China has seen numerous success stories arise in its mobile gaming industry, such as MihoYo’s Genshin Impact, and it has also become the largest market by far for mobile gaming. However, regulations can often be difficult for companies to predict, and introductions can be abrupt.
Nearly all games including mobile games which feature in-app purchases require a licence from the NPPA (National Press and Publication Administration) to operate in China. However ‘licensing freezes’ aimed at allowing the authorities to keep the market in check, effectively halts the production and release of such games. Such freezes are still a major issue with virtually no games approved in periods lasting for months, 2022 marks the second such extended freeze.
What do these regulations mean for mobile?
Regulations mean that mobile has faced an increasingly fraught year.
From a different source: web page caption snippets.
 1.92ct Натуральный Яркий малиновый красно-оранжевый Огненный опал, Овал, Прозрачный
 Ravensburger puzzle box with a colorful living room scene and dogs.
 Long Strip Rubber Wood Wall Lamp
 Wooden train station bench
Foreign companies have naturally always had a difficult time breaking into the Chinese market, but even domestic companies now struggle under the licensing freeze and tighter regulations. Compared to 2021’s 679 total domestic games approved for licences, only 314 have been approved this year. Whilst the all time high of 9,177 was in the much less stringently regulated year of 2017. Meanwhile no foreign games of any kind have been approved for a licence all through 2022.
Regulations against certain depictions and sensitive topics can also be detrimental to game development and live services. Of course, political topics are typically heavily censored in Chinese media, but other aspects that draw regulatory criticism can necessitate expensive and time consuming changes. Without having official advice on what is and isn’t acceptable, companies are forced to develop their own means of anticipating opaque regulations.
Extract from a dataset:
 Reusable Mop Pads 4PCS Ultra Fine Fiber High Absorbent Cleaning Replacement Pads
As the report points out, Honor of Kings had to significantly rework a cosmetic for a bike-riding character due to concerns it looked ‘unsafe’, which they resolved by adding a helmet and vehicle licence plate. Meanwhile PUBG Mobile was forced to rebrand as Peacekeeper Elite, and significantly rework its setting from an active war zone to a military training exercise.
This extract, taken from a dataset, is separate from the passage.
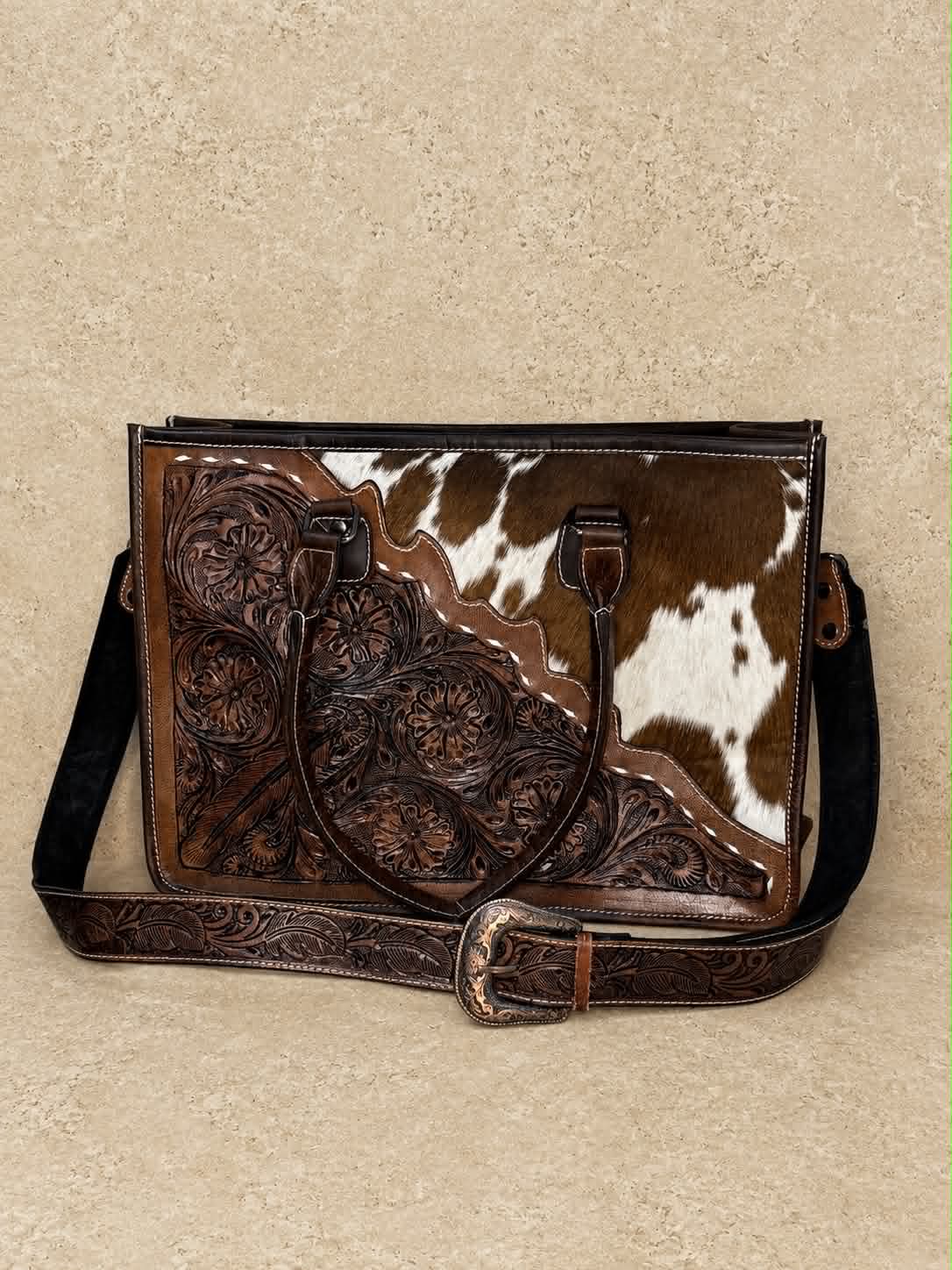 Diagonal Brown & White Tooled Leather & Cowhide Tote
As the report also notes, “All pay-to-play (premium) mobile games or games featuring IAP (in-app purchase) monetization, must obtain a game licence before publishing. However, ad-based or IAA (in-app ads) games that monetize only via ads do not need approval.” These regulations are bound to change, but for the moment, despite the stringent regulations on console and PC games, mobile games which monetize via ads are virtually free to do as they please.
However, even these games face crackdowns, often with financially crippling results, as under current laws Chinese regulators can confiscate all revenue and find a company up to five or 10 times its operating revenue, as it does for consoles and PC. The first such crackdown hit three IAA (in-app advertising) based games in June 2022. Aside from licensing freezes, this kind of unpredictable marketplace means that even a relatively untapped market for foreign companies, and one which has led the way in mobile for years, can be seen as unstable for investment in the long term.
Essentially, although mobile remains a more open marketplace for games in China, it seems clear that at some point regulators will begin to more heavily scrutinise these businesses. The more companies try to evade regulators, the more attention they’ll attract. In the wake of declining revenue for the previously lucrative Chinese market, the effect this will have on Chinese firms is likely to drive them into other markets, or otherwise severely hamper their business.